● Assignment: Since the copy must match the original, write out each record word for word, skipping only the pictures.

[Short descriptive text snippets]
+ + + + + + +

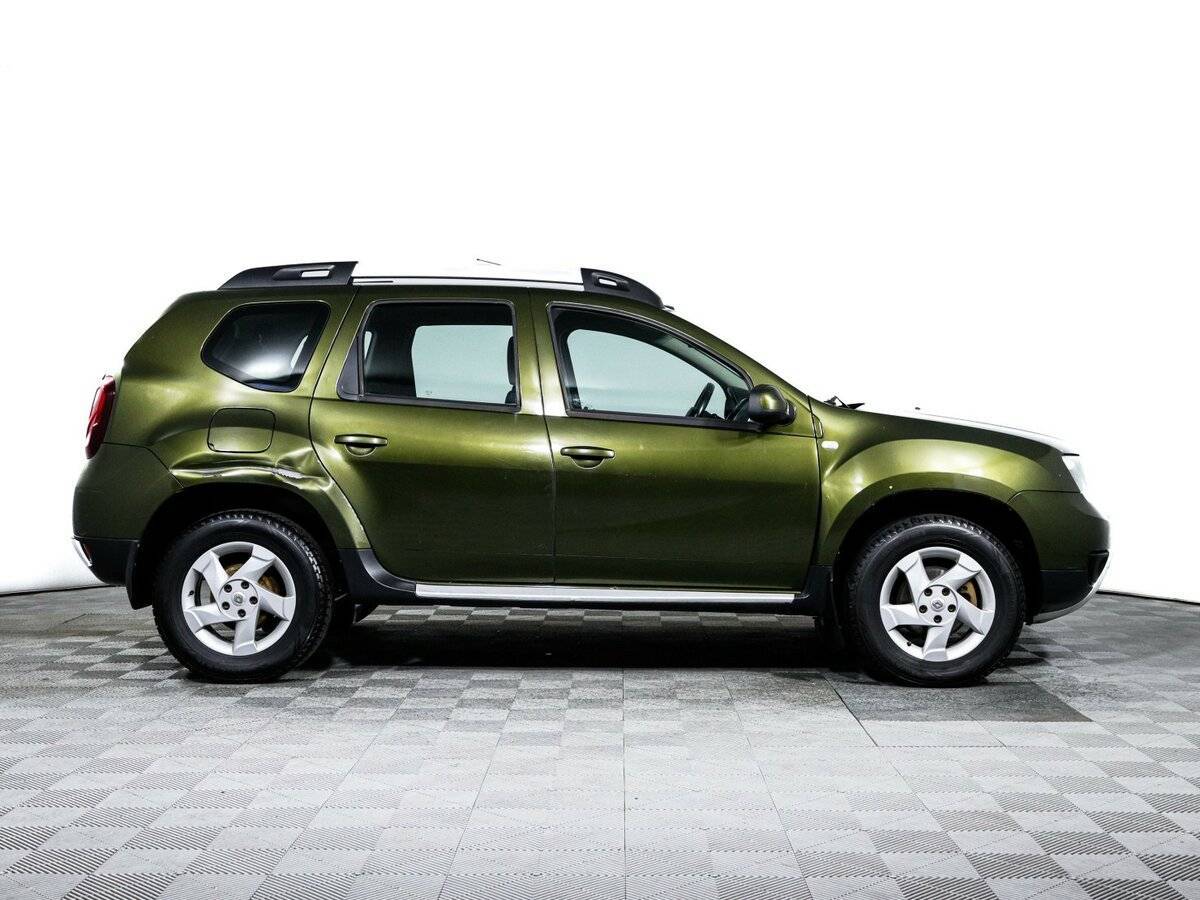 Купить Renault Duster, 2015, 159 248 км.. Фото: #3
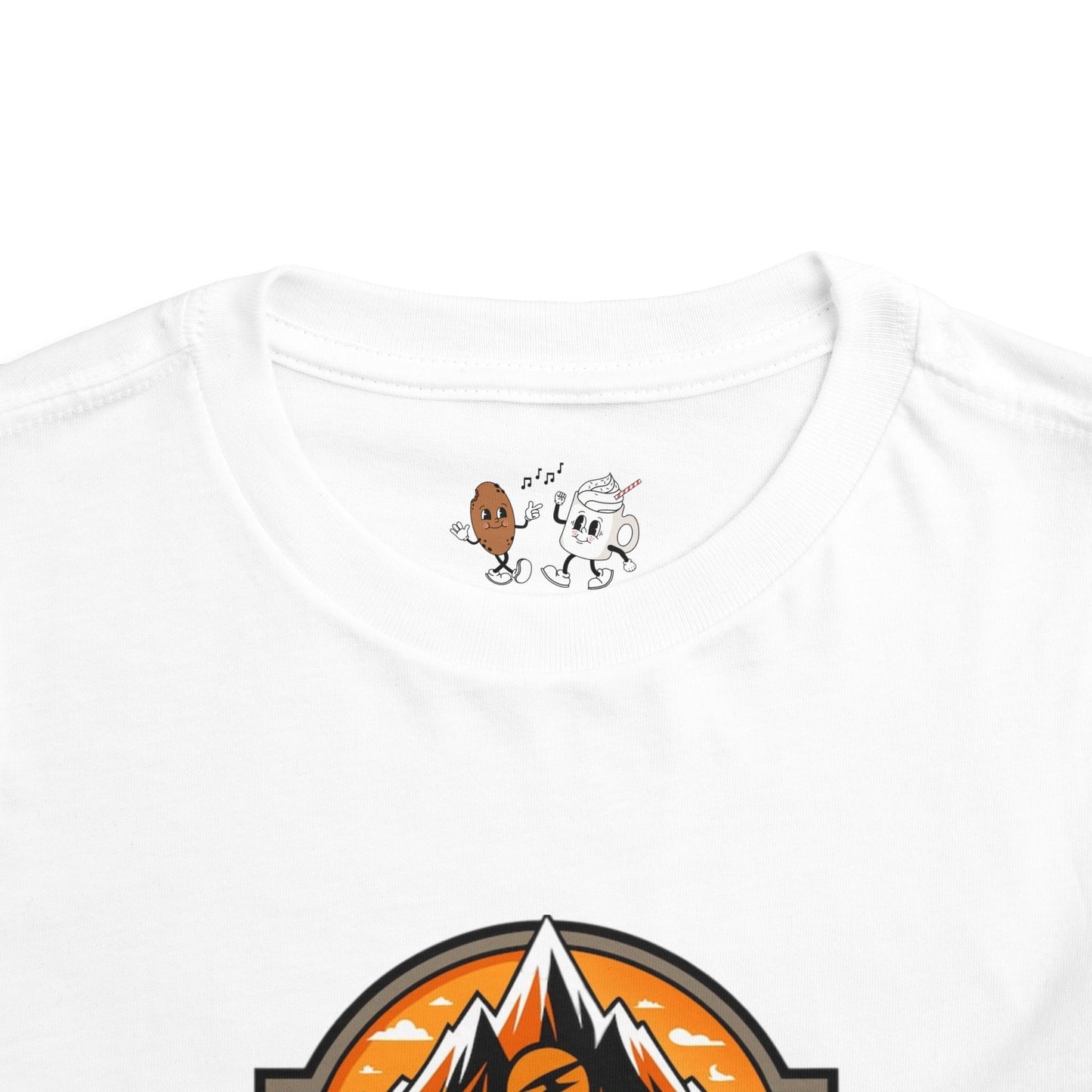 Adventure Offroad Toddler Short Sleeve Tee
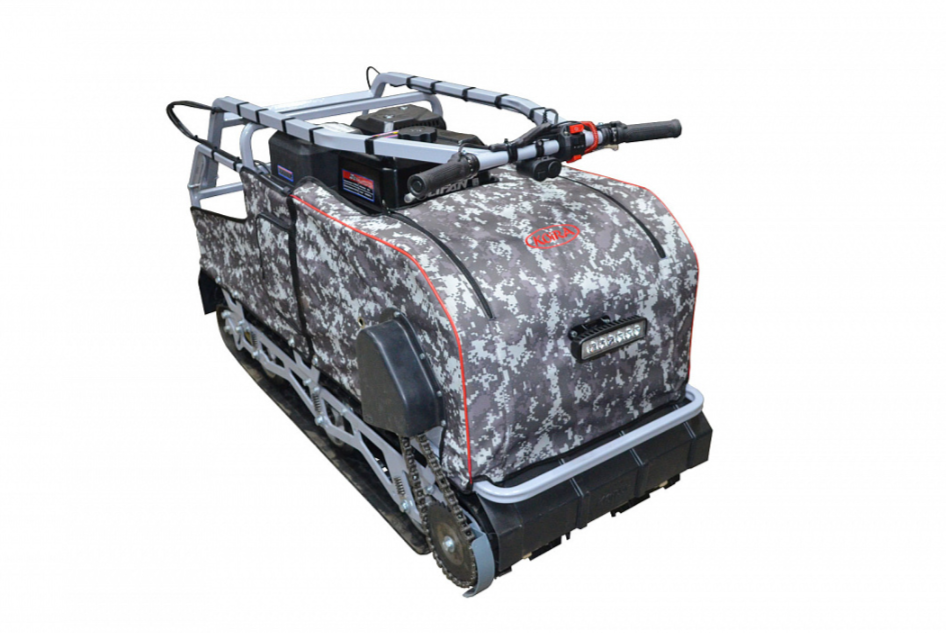 Мотобуксировщик "Богатырь" 15 в Перми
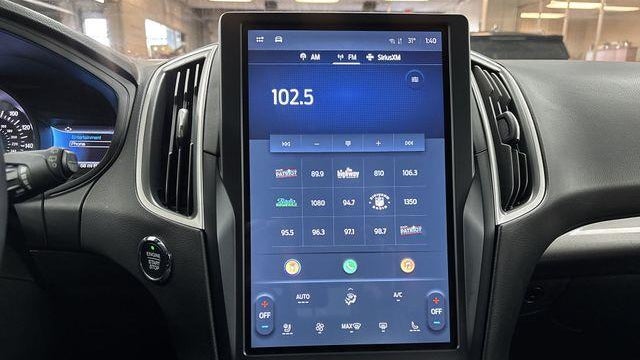 2023 Ford Edge ST-Line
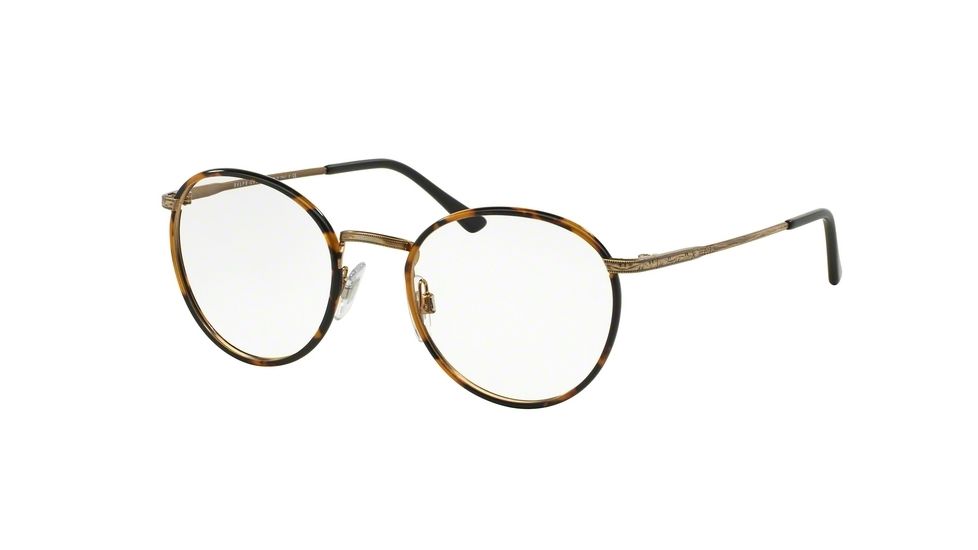 Polo PH1153J Eyeglass Frames 9290-50 - Aged Bronze Frame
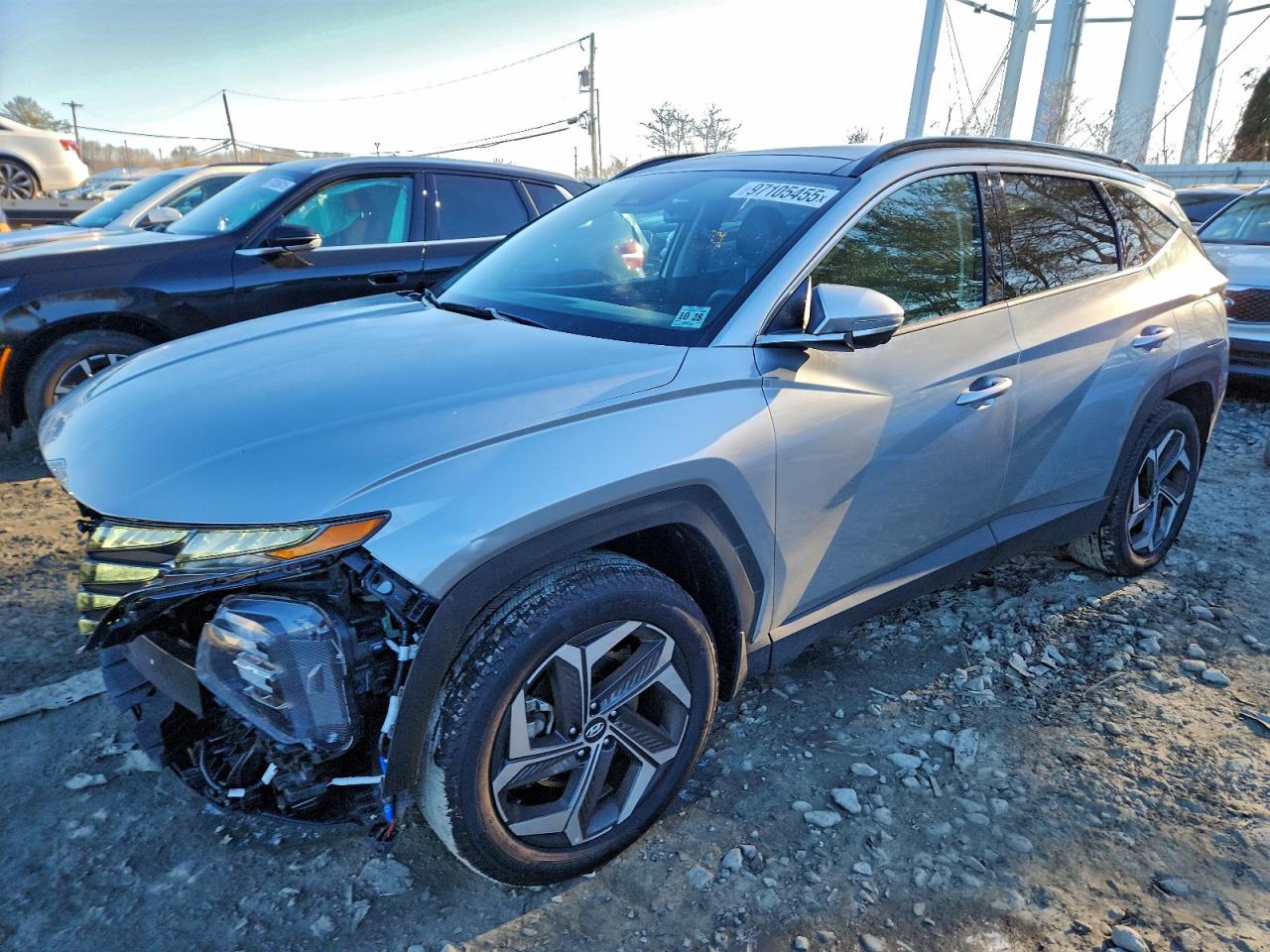 HYUNDAI TUCSON LIM 2024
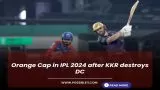Orange Cap in IPL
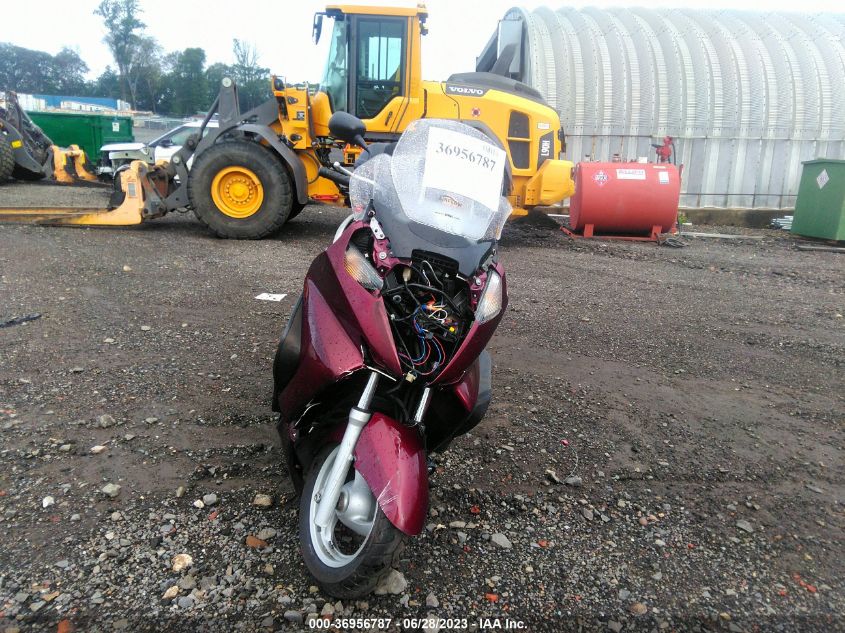 2002 HONDA FSC600 - JH2PF01172K000693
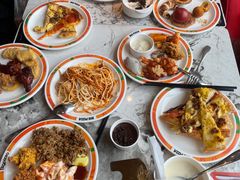 -比格比萨自助(宝山日月光店)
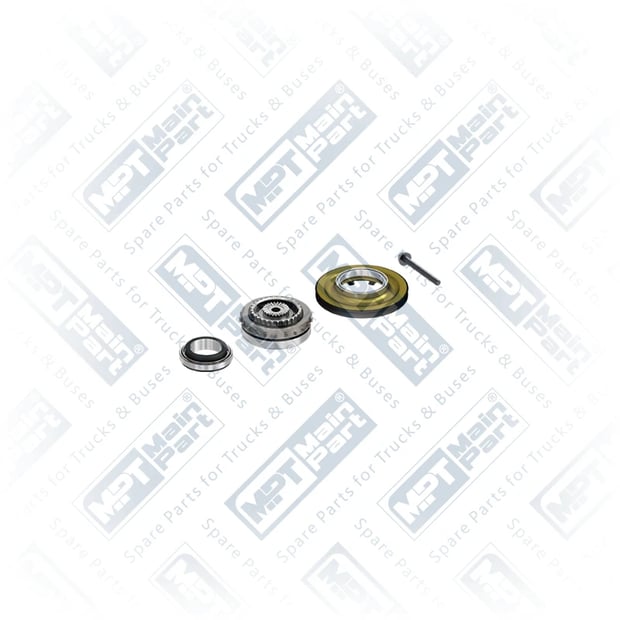 1) K097453, 10.LK.1552 Compressore d'aria, Kit di riparazione, MPT Main Part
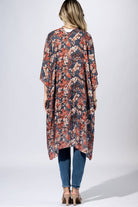 Meadow Floral Kimono { product_type }}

+ + + + + + +

● Completed exercise:
 Купить Renault Duster, 2015, 159 248 км.. Фото: #3
 Adventure Offroad Toddler Short Sleeve Tee
 Мотобуксировщик "Богатырь" 15 в Перми
 2023 Ford Edge ST-Line
 Polo PH1153J Eyeglass Frames 9290-50 - Aged Bronze Frame
 HYUNDAI TUCSON LIM 2024
Orange Cap in IPL
 2002 HONDA FSC600 - JH2PF01172K000693
 -比格比萨自助(宝山日月光店)
 1) K097453, 10.LK.1552 Compressore d'aria, Kit di riparazione, MPT Main Part
 Meadow Floral Kimono { product_type }}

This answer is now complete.